Exercise description:
After removing every image, reproduce the data exactly as it appears.

Data records:

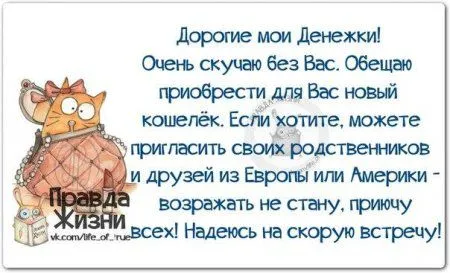 Фразы с картинками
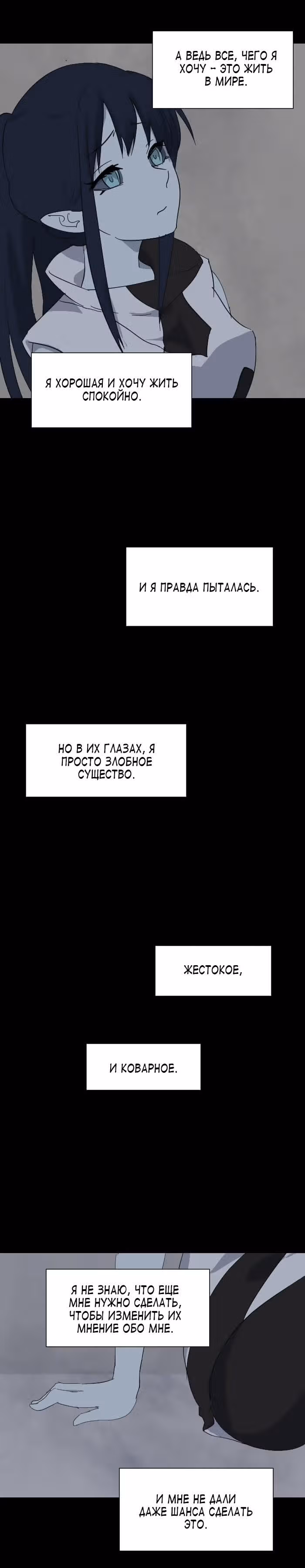 Связанная Душа — Том 1 · Глава 10, страница 12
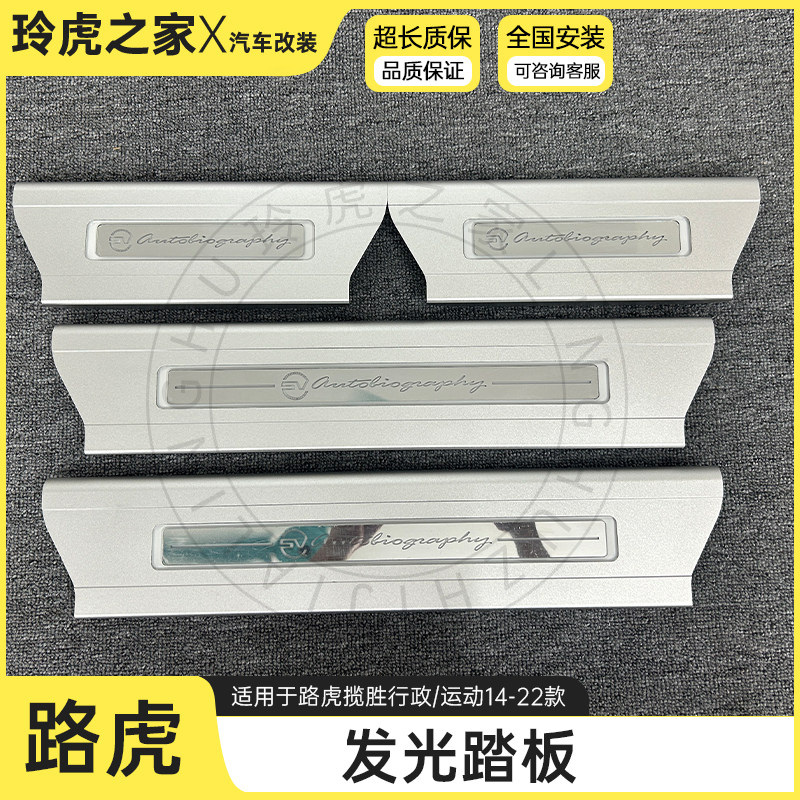 适用路虎揽胜行政运动版内饰改装带灯门槛条创世led发光迎宾踏板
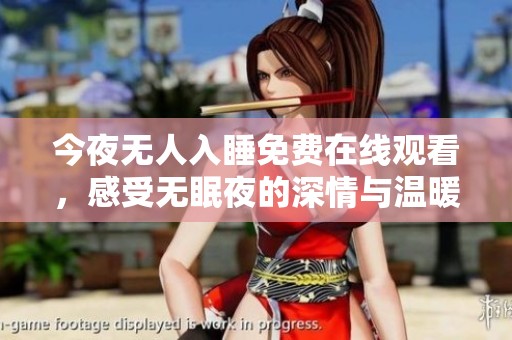 今夜无人入睡免费在线观看，感受无眠夜的深情与温暖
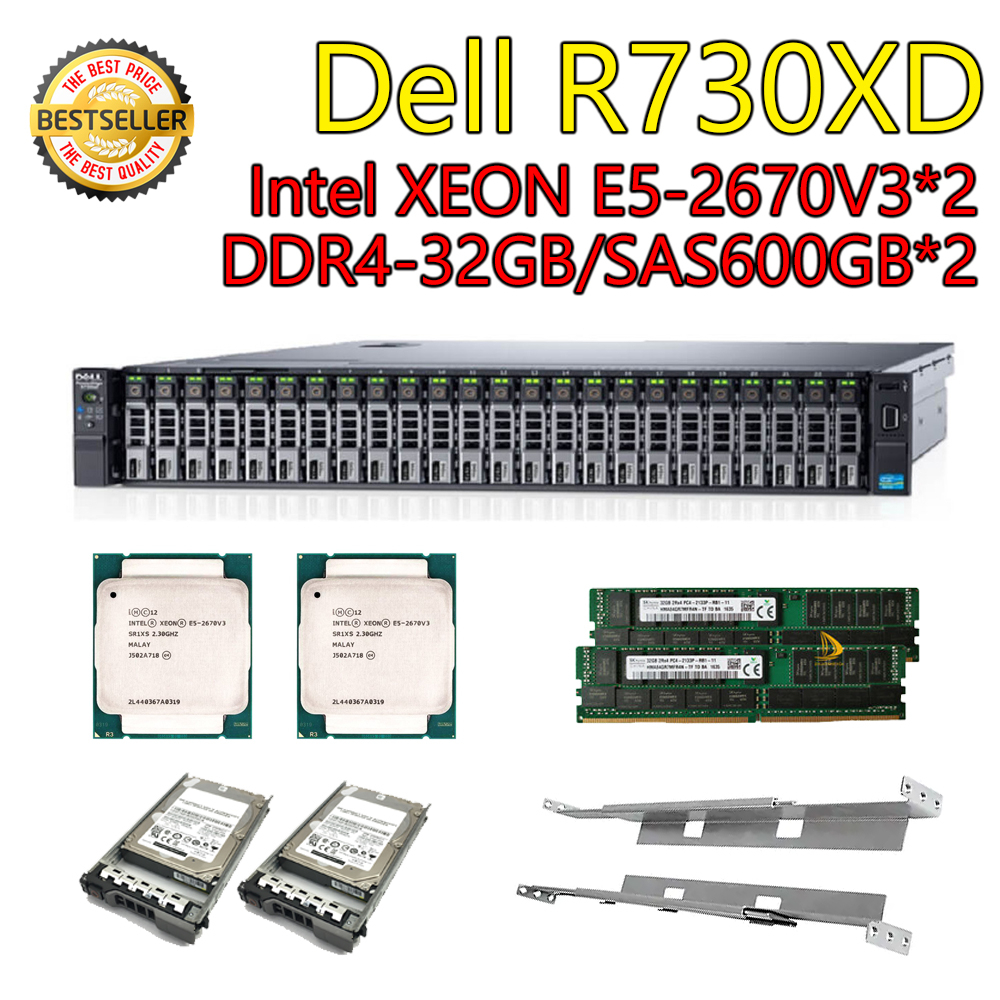 Dell Server R730XD CPU E5-2670V3*2 SAS600GB*2 RAM32GB H730 PSU*2 สภาพ 99% ส่งฟรี ประกัน 1 ปี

Result below:
 Фразы с картинками
 Связанная Душа — Том 1 · Глава 10, страница 12
 适用路虎揽胜行政运动版内饰改装带灯门槛条创世led发光迎宾踏板
 今夜无人入睡免费在线观看，感受无眠夜的深情与温暖
 Dell Server R730XD CPU E5-2670V3*2 SAS600GB*2 RAM32GB H730 PSU*2 สภาพ 99% ส่งฟรี ประกัน 1 ปี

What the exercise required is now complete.